(Memphis) It’s been ten years since Hurricane Elvis tore through the Mid-South.
WREG's Todd Demers was in the News Channel 3 studios ten years ago, watching as the storm hit.
“It was overwhelming because it was somewhat unexpected for that storm to deliver that kind of punch as it came through the Memphis area," he said.
In the past ten years, MLGW has been working to prepare for storms like Hurricane Elvis.
Thousands were without power for weeks after the storm.
“In 2004, the state of Tennessee passed a law, a mutual aid law, that said any municipality in Tennessee can help another municipality out without already previously having contracts in place. So that greatly sped things up. And then also since then on a national level, congress has passed a similar act,” said Callen Hayes, crisis management coordinator for MLGW.
Shelby County Emergency Management has since worked with county and grant money to set up an emergency operations center filled with new equipment.
“The images, the GIS and all of the technology we are able to bring in and have live feeds.

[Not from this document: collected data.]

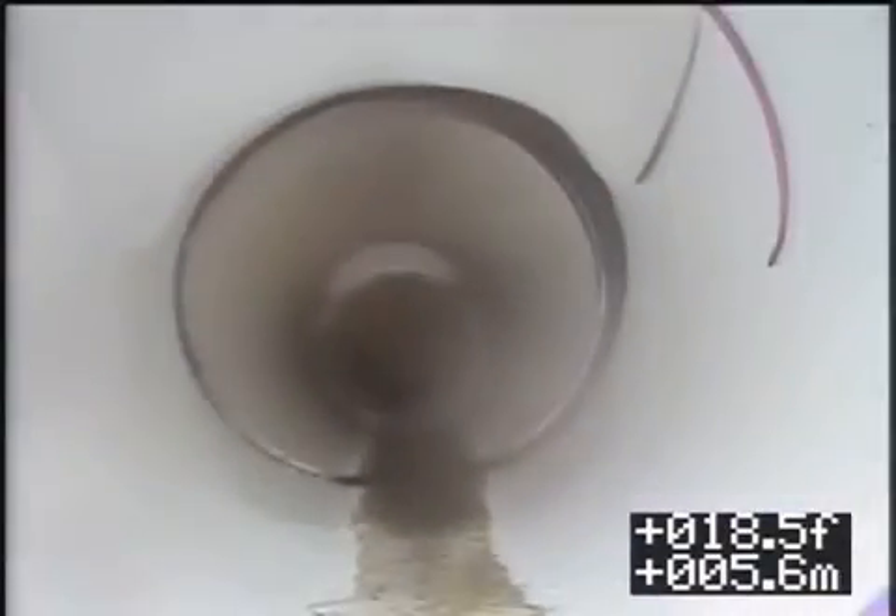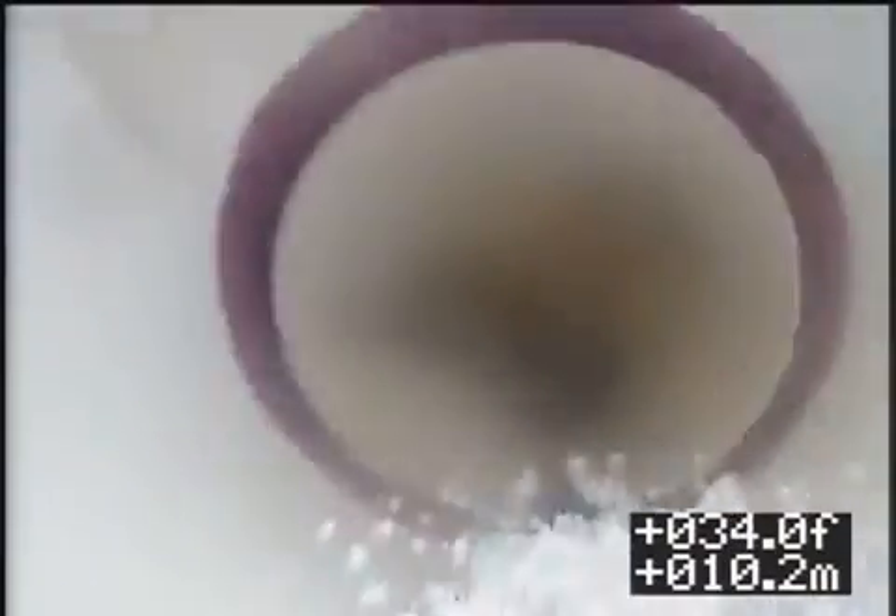This is Tech 29 at one of the other clean-outs for the main line. We have multiple lines branching in here, and we also have multiple lines.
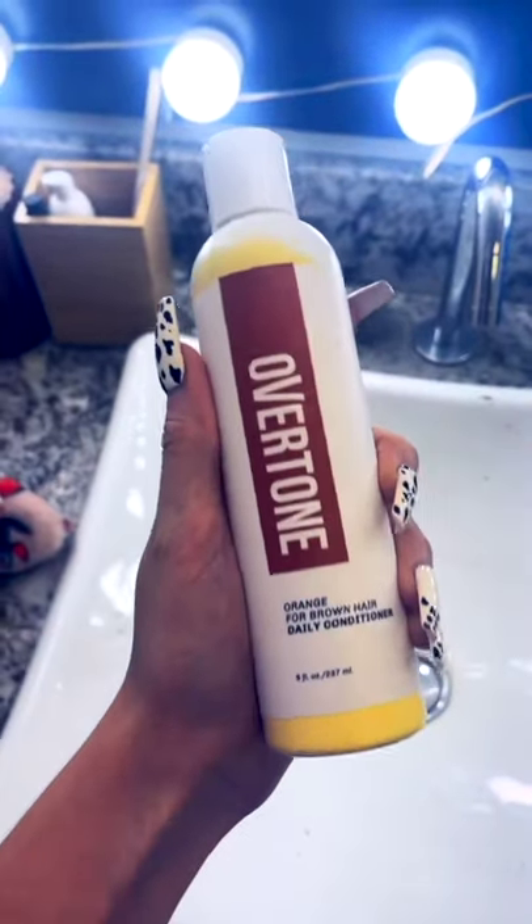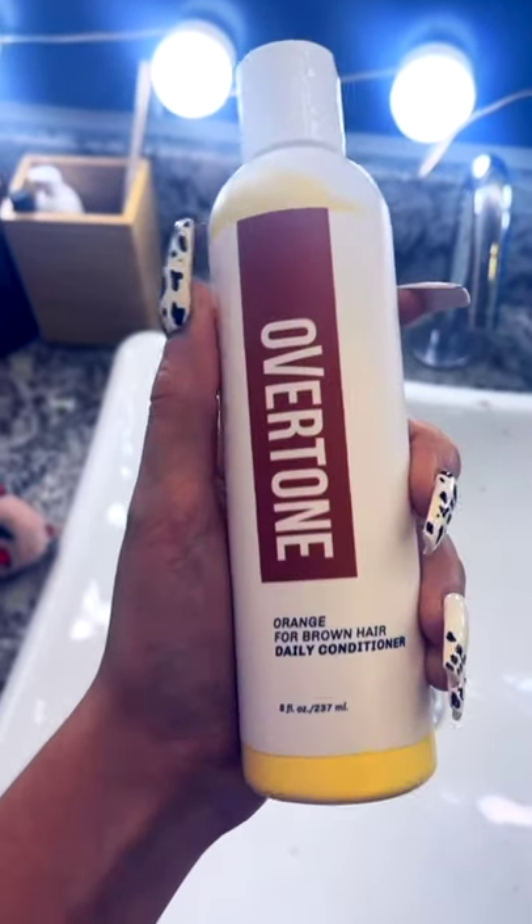We're about to do a thing. This is my hair color now. I am about to use Overtone Orange for Brown Daily Conditioner. I have a lot of hair, so I have two bottles. I'm going to apply it evenly to my wet hair, and I'll be back.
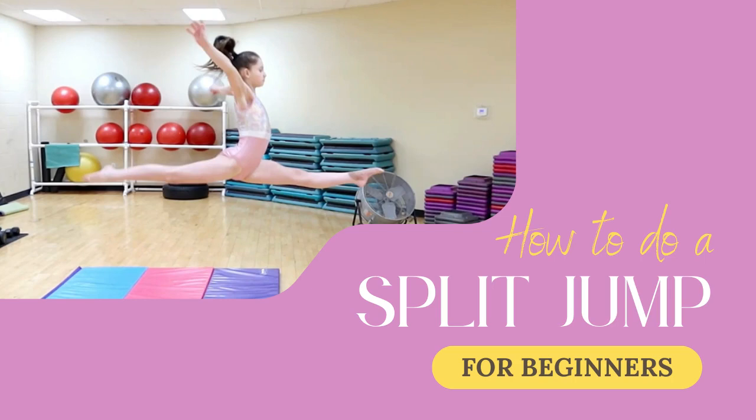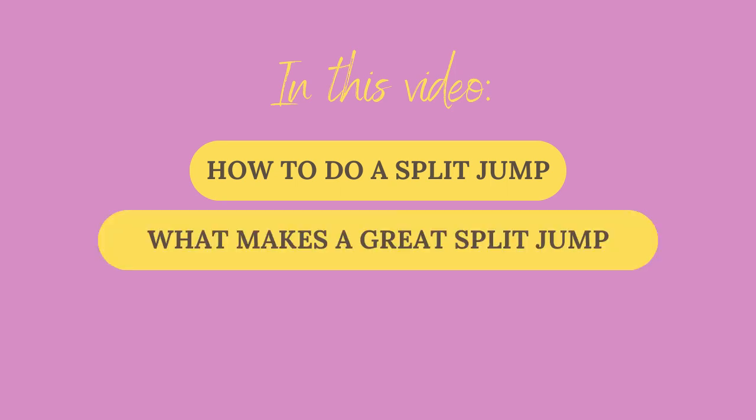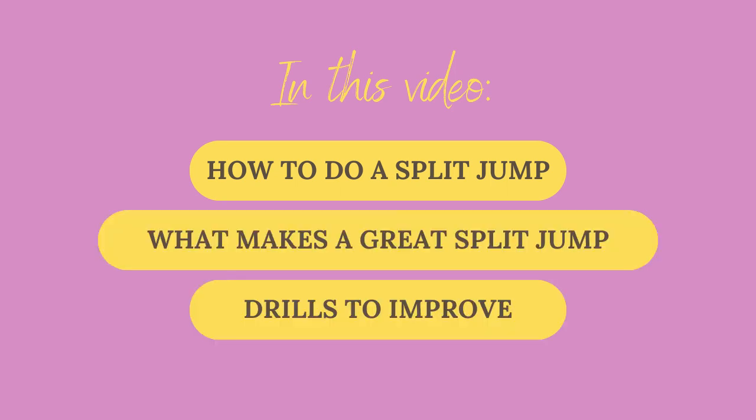Here's how to do a split jump for beginners. In this video we're gonna go over how to do a split jump, what makes a great split jump, and drills to improve your split jump. You can do a split jump on floor or on beam, and no matter where you do it, the technique remains the same.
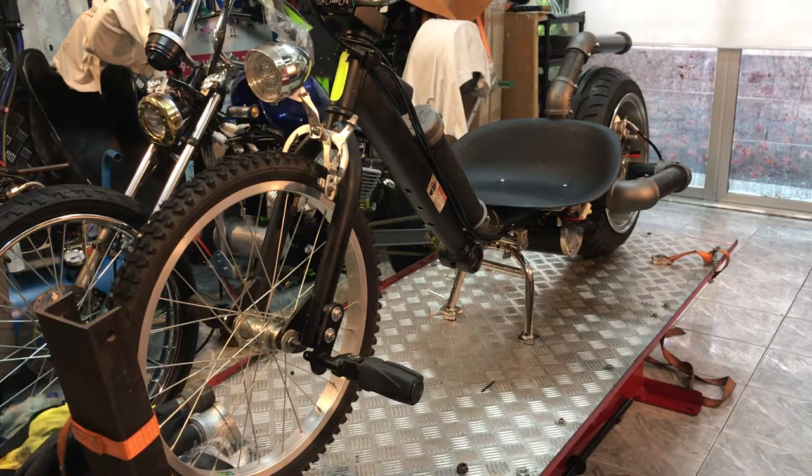Hi, hello YouTube. This is my project, which I did not plan to build, but accidentally I was looking on YouTube and I have seen many DIY chopper bicycles.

So a lot of that has changed in one word that would be technology,” said Shelby County EMA and Homeland Defense Director Bob Nations.
“The pulling people together from six counties and how well they’ve built a network,” Nations said about the work done in recent years.
Nations said they continue to constantly plan for the next big storm or earthquake to hit the Mid-South.
“It’s not as if you can just have a plan and that’s it. This really is an action matter, so it’s planning,” said Nations.